Remember my imposter syndrome from my music competitions? Well, now I would be facing a very similar scenario. As I said before, I had thought about whether or not I would still be a student in good academic standing like I had been in high school without the music courses to boost my GPA. But the next question logical question beyond that was:

“What if I’m not exceptional in university? And what if I never was?”

What if high school was just a fluke? Anxiety had a strong presence and its most vile form was known as imposter syndrome. In my science undergrad, this seed of doubt would trigger anxiety way more severely than anything I’ve experienced before in music. It did not help that in university where the test grades and exam grades all counted towards something, I was now never on a break in the competition with my fellow peers. The classes were bigger and now the competition was much bigger too. Before, all I had to worry about in the music competition was the other people who signed up. This was maybe 5 or 10 people for Kiwanis or around 50 maximum for the RCM awards. Now my class size was easily a thousand or so. This meant that every little thing counted. You absolutely had to stand out. You needed a good GPA and when you weren’t in school, you needed to pad your resume to the brim with experiences and awards that showed you weren’t a slacker of some kind. Even when not in school or on summer break, there was always something you had to do. My schooling suddenly became a race for the best resume, GPA or any other aspect of the med school or professional school application process. 

While my living conditions, extracurriculars (especially with music) and general life outside of school had become smaller, in stark contrast my class sizes got bigger and so did all the threats to my future. The most immediate threats were those among the thousands of other students who stood at the highest end of the normal curve. These were the students with perfect GPAs and a resume that would seem like they were applying for godhood. These were the super elite type-A brainiacs I worried about the most though they were by no means the only ones standing in my way. My goal was for the Optometry school program at Waterloo. This was a program that was exclusively offered at my university and took in only 90 students a year from the entire country. That’s right, I wasn’t just competing with students and the brainiacs from Waterloo, I was also fighting with unknown students and unknown brainiacs from across all of Canada.

Generally in life, I think you can expect that the stakes will get higher and higher as you get older. While this increase in stakes does calm down at some point in the future, knowing this fact does nothing about the ups and downs you will experience. 

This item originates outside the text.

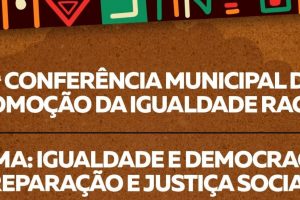 Ponta Grossa recebe a 2ª Conferência Municipal de Promoção da Igualdade Racial Boca no Trombone Ponta Grossa recebe a 2ª Conferência Municipal de Promoção da Igualdade Racial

In the next few years in my undergraduate experience, I would go through the peaks of high expectations. I would find myself with the most stress I have ever experienced as I try to fight for a shot at my future career. I would experience the limits of my abilities and various amounts of failure along the way. 

It was around this time when I would develop a new personality. While it is not completely different from the high school version of me, it is definitely an extrapolation of a small and very toxic side of me. 

You can get a hint of how that version of me does things just by the new mantra I was about to adopt. It goes something like this. 

Suffering is Temporary. GPA is forever.